D'autres moururent, mais ceci arriva dans le passé
Qui est la saison (personne ne l'ignore) la plus favorable à la mort.
Se peut-il que moi, sujet de Yaqoub Al-Mansour,
Comme durent mourir Aristote et les roses, je meure à mon tour?
"Divan de Almoqta'dir el Magrebi (XII°siècle)",
citation fictive de
Jorge Luis Borges,
L'auteur (El Hacedor, Emecé, 1960)
traduit par Roger Caillois,
Gallimard, 1965
On était en 1971, c'était l'été, nous roulions sur une route de campagne, le gazouillis de la radio fut interrompu par un bulletin d'informations.

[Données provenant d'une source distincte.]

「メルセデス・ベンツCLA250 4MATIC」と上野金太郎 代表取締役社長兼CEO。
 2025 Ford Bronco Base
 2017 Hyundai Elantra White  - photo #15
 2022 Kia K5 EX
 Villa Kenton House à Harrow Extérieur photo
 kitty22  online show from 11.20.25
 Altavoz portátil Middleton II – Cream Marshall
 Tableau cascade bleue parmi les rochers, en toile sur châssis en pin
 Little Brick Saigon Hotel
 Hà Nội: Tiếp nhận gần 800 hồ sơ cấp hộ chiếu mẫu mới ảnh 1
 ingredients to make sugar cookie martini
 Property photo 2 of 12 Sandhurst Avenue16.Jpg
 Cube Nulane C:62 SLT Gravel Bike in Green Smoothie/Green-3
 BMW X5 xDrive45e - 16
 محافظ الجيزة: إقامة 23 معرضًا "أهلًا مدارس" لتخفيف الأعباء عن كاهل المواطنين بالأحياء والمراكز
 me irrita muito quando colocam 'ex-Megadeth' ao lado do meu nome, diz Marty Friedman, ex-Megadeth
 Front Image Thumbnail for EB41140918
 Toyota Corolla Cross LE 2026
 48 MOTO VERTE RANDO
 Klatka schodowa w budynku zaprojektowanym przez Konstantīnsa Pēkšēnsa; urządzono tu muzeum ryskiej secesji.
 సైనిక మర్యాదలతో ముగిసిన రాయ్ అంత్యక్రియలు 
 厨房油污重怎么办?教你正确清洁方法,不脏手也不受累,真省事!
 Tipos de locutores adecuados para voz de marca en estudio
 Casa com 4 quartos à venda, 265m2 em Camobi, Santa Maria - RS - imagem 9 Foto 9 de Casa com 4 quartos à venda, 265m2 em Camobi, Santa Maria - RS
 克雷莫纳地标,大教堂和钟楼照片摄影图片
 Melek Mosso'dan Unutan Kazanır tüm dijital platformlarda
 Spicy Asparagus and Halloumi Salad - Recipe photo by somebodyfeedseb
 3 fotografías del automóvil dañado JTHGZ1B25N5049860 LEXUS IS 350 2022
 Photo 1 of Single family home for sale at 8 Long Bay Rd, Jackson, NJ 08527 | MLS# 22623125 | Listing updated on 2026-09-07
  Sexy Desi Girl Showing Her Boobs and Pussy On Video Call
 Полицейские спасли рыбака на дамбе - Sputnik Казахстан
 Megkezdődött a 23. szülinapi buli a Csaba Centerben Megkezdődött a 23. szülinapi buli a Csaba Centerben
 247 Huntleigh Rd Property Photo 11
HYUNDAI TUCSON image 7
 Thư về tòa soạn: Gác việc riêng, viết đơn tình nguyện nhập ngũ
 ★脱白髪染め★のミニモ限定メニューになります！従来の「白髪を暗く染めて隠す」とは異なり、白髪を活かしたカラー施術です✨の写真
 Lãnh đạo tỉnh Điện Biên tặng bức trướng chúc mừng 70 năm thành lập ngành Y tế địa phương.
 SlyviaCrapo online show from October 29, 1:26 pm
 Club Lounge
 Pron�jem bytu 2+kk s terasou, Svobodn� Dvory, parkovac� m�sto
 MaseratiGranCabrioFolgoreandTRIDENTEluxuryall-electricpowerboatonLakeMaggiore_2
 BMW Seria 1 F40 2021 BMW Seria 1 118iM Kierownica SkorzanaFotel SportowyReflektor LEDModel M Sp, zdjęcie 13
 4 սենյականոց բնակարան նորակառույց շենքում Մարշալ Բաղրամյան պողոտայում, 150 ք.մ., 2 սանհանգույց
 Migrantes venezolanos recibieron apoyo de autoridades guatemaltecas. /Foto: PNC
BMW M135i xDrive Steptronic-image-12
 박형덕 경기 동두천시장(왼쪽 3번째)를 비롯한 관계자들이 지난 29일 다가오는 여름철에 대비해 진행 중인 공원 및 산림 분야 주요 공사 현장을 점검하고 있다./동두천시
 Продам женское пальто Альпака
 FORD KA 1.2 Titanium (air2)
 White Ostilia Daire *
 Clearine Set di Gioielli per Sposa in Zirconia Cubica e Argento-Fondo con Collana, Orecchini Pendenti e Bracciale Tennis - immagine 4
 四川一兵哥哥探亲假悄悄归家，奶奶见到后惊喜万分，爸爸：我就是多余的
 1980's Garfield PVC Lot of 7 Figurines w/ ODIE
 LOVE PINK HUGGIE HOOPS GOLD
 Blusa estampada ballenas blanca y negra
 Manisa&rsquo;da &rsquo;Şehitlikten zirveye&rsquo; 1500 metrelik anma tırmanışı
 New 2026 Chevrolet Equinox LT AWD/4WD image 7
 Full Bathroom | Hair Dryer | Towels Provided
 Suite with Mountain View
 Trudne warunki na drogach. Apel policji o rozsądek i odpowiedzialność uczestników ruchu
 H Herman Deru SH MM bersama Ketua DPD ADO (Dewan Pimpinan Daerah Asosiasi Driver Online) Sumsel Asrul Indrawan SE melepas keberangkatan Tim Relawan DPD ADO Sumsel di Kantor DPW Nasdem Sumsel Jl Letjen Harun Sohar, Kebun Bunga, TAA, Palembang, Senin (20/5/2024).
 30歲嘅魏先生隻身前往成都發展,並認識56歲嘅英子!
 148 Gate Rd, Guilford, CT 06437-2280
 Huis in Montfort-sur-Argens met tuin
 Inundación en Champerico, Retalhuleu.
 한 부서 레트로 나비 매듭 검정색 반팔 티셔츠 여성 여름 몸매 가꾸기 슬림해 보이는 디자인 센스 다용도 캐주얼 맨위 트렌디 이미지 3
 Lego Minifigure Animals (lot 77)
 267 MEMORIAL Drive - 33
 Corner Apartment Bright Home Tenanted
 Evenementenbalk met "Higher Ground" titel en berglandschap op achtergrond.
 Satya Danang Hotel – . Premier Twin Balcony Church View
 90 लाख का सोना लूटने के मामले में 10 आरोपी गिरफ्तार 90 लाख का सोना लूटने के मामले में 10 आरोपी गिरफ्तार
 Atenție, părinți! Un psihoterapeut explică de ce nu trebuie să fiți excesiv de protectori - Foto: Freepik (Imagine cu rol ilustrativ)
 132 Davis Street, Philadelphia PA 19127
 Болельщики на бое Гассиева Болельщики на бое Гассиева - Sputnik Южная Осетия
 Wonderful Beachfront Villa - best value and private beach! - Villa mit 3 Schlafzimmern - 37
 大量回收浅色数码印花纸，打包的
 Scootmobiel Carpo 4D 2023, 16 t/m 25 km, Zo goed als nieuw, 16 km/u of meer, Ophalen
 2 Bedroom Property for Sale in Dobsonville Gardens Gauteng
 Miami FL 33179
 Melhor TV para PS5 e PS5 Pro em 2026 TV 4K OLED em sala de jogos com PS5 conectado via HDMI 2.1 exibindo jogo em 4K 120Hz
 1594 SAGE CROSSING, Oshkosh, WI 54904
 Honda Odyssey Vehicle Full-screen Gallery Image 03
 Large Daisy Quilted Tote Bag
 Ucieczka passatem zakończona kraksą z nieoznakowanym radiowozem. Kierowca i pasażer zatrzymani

Un bulletin spécial, apparemment.
Le speaker parla d'une voix hachée, marquant chaque fois une très légère pause après le nom qui revenait au début de chaque phrase. Je connaissais ce nom, je fus surpris de l'entendre dans ce contexte, mais pas trop, tout de même, "so it goes".
Tout autre fut la réaction de mon père: son expression changea, il ralentit, rétrograda, se rabattit et pour finir immobilisa la voiture sur le bas-côté.
Il descendit et fit quelques pas, tournant le dos à la route.
Il faisait chaud, l'air était plein d'insectes.
Mon père avait du mal à respirer.
La nouvelle qui lui avait coupé le souffle, c'était l'annonce de la mort de Louis Armstrong.
Je ne crois pas avoir jamais vu mon père réagir aussi fortement au décès d'un étranger, si célèbre fût-il. C'est sans doute pour cela que le souvenir est resté aussi précis.
Ces derniers mois, ce fut mon tour de devoir faire des pauses
pour respirer, après avoir entendu la radio donner les nouvelles,
avec une fréquence que je ne me souvenais pas d'avoir connue.
Nikolaus Harnoncourt et Cleet Boris, Franco Citti et Siné, Silvana Pampanini et Magali Noël, Cimino et Kiarostami, Umberto Eco et Gianmaria Testa, René Hausmann et Didier Savard, Yves Bonnefoy et Maurice Pons, Ettore Scola et David Bowie… et David Bowie, merde…
... comment va-t-on se débrouiller sans eux?
Et maintenant Richard Thompson. La vie est un cul-de-sac.
Est-ce que les gens mouraient autant autrefois? Il paraît que oui, certains soutiennent même que tous les records possibles auraient déjà été battus.
Personne mieux que Borges dans ses quatre petits vers n'a exprimé la surprise incrédule qui oblitère notre faculté de raisonner quand nous sommes confrontés à l'incompréhensible phénomène: la période aux contours flous au cours de laquelle il a pu arriver que des gens trouvent la mort, normalement le nom qu'on lui donne, c'est bien le passé. Ou alors, si on aime les mots à majuscule, l'Histoire, cette entité abstraite bien connue pour ne jamais se séparer d'une grande hache - on en ricane dans son dos. Qu'un pur concept, coopté de surcroît dans le cercle très fermé des sciences humaines, se fasse remarquer par une habitude aussi extravagante, on peut presque comprendre que cela ait choqué quelques-uns de nos contemporains au point qu'ils en aient conclu que l'Histoire était finie, bonne pour la maison de retraite.
Et puis voilà que justement, des coups de la hache maniée par cette entité abstraite se mettent à attaquer le présent, à en abattre des pans entiers qui, en tombant, se transforment en… autre chose. Est-ce donc cette chose-là qui se cachait dans ces décombres qu'on appelle "le passé"?
La silhouette floue?
Comment est-elle déjà là, elle qui semblait si loin?
Y aura-t-il encore des saisons, ou cela aussi appartient-il au passé?
Au moins, y aura-t-il de la neige à Noël?